Les conséquences directes de cette situation sont faciles à imaginer: les consommateurs y gagnent tandis que les producteurs y perdent. Au Canada, l'Alberta entre dans une période très difficile. Les provinces consommatrices, l'Ontario et le Québec en tête (50% de la consommation canadienne de pétrole), bénéficient d'un double effet positif: une réduction des dépenses en produits pétroliers de l'ordre de 30% et, avec la chute du dollar canadien, un coup de pouce pour les exportations. Évidemment, le ralentissement en Alberta va réduire la croissance canadienne et affecter les transferts fédéraux. Mais globalement, les trois milliards que les Québécois économiseront sur leur facture d'essence en 2015 pourront difficilement s'avérer insuffisants pour faire regretter un prix du pétrole élevé, qui aurait aidé la péréquation.
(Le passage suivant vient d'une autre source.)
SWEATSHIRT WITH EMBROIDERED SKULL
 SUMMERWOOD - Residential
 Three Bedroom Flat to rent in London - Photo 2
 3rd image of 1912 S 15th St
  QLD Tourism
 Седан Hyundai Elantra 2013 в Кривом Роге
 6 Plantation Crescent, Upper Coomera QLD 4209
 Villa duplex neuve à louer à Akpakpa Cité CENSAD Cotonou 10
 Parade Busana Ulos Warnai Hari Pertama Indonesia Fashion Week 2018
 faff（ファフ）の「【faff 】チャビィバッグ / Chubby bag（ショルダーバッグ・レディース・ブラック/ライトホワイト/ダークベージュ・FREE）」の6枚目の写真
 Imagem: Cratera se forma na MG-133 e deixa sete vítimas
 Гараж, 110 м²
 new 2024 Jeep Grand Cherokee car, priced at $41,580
Pensons cependant plus loin que ces effets locaux et directs. Qu'y a-t-il de bon et de mauvais dans ce retournement du marché du pétrole?

À un prix de 100$ et une production mondiale de près de 90 millions de barils, c'était un revenu de 9 milliards par jour que les producteurs de pétrole recevaient. Pour les 10 plus gros pays exportateurs (30 millions de barils par jour), ce sont les gouvernements qui voient directement leurs revenus fondre, puisque ce sont essentiellement des compagnies d'État qui produisent. Aucun de ces pays n'est une démocratie modèle et six se trouvent au Moyen-Orient. La Russie en particulier, deuxième exportateur derrière l'Arabie saoudite, voit ses revenus annuels d'exportation chuter de 2500 milliards à «seulement» la moitié. Dans ce contexte, les risques d'une politique étrangère agressive sont limités puisque la crise interne causée par la chute du prix déstabilise le gouvernement russe.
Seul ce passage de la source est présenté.